Lately, I have had to use my depression tools since I have been off of anti-depressant pills. Sunday I start the patch for depression and it has not been easy. As I have posted, it has been like a roller coaster ride. When I start using the patch on Sunday, the storm is not over. It will still take time for the medication to get into my system and begin to work but the roughest part of the storm, I hope, is behind me.
Just like a toolbox is divided into sections so is my toolkit. In the depression part are tools like: watching a funny movie, calling someone and just talking about funny things going on in their life. I also get dressed everyday and put on a light colored top. It doesn’t have to be a bright color, just not black, blue, brown or any other dark color. I put on lipstick. Again, not a dark color. I put on all the things I would put on if I were feeling great and going out with a friend, even though the opposite is true. I don’t have to think what to do in order not to sink deeper into depression because all the information is in my toolkit and I just have to look at it. I have recently added meditation to my toolkit and deep breathing.

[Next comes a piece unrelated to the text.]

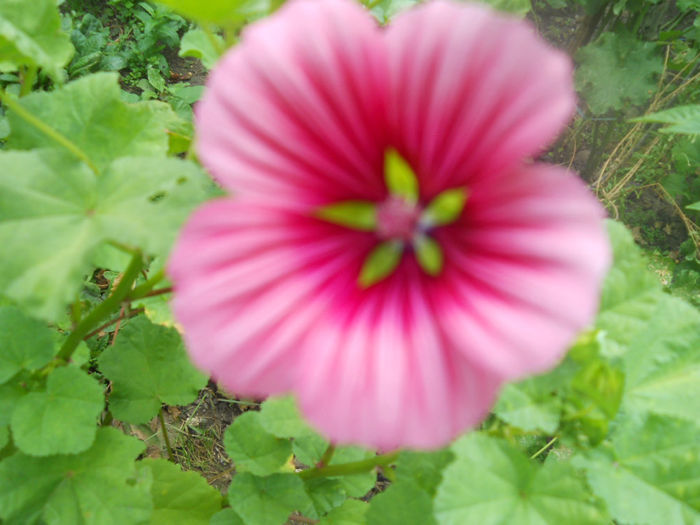DSCN4942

These tools even help when I am manic. Light a scented candle and sit comfortably or lie down. Concentrate on your breathing in and out. I like to concentrate on my breathing because I actually forget to exhale when I am manic. This slows my breathing down so I get air in and out along with the feelings of anxiousness or sadness.
The breathing helps me focus on something other than the racing thoughts. I get the thoughts under control. It especially helps me when I am doing it with someone because even though I want to stop and talk, I don’t want to open my eyes and see them concentrating and I disturb them. It is not hard doing it alone because I now know the benefit of doing it. It slows me down. It helps calm me from doing impulsive things (which is characteristic of my mania).

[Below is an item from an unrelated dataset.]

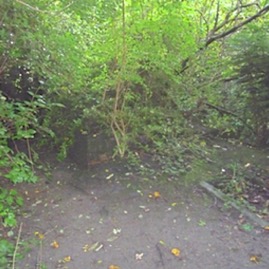 Well Head at top of Rockery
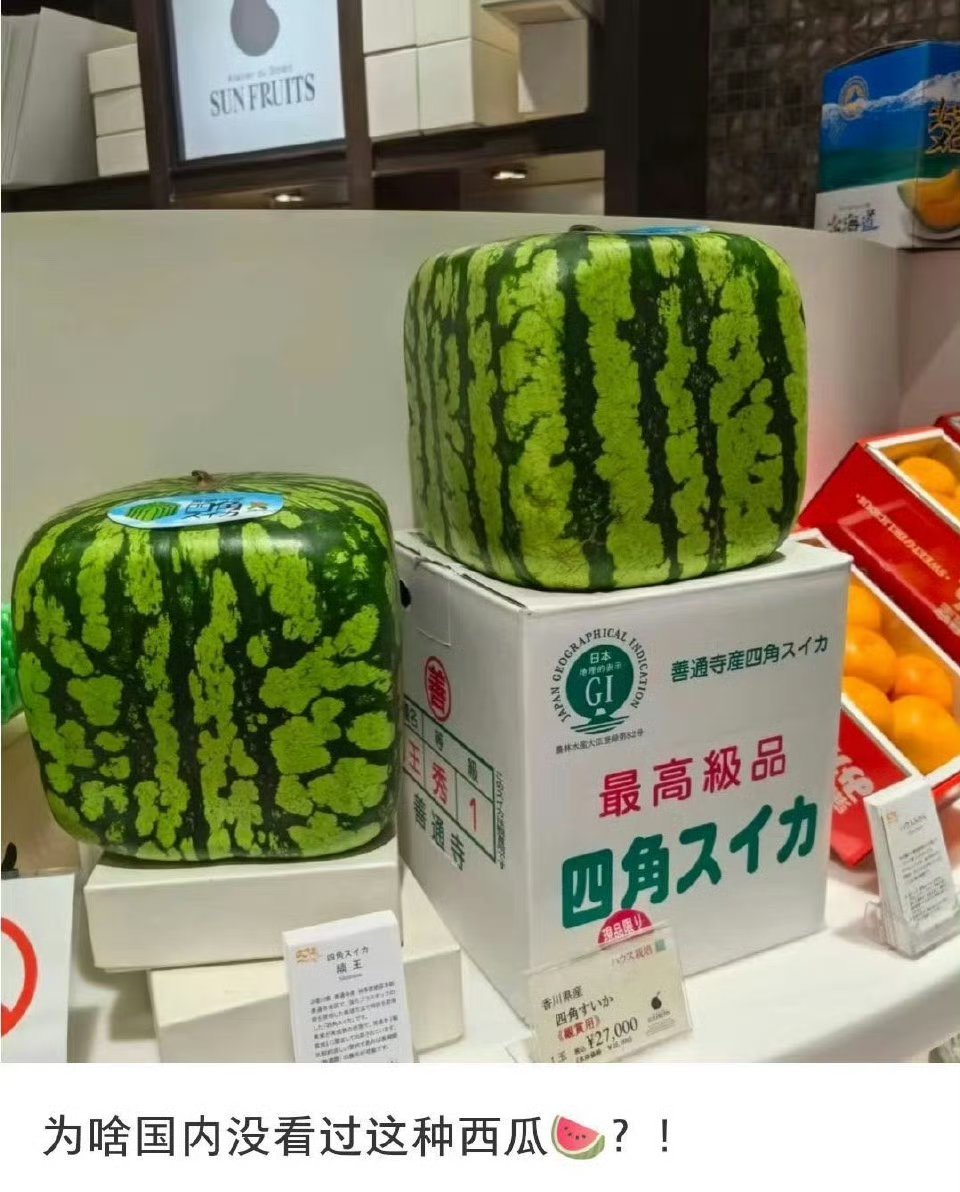 不就是套个模具吗，我小学时就见过了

I rely on my tools because I know they will get me through the storms of mania and depression. They may not take them away but they do keep them from escalating. For instance, since using the tools for mania, I don’t overspend. I don’t make impulsive buying decisions. I purposely stay out of the stores, even the stores I call the treasure hunting stores. I do the opposite when feeling depressed. I will go treasure hunting because I have no desire to spend money, but it gets me out of the house and around people.
Develop your tools for coping in mania and depression and use them when you see the storm coming. Just like people prepare their homes for a hurricane, prepare yourself for mania or depression by having tools in place before the storm hits.
Purpose to have an awesome day according to your own definition of awesome.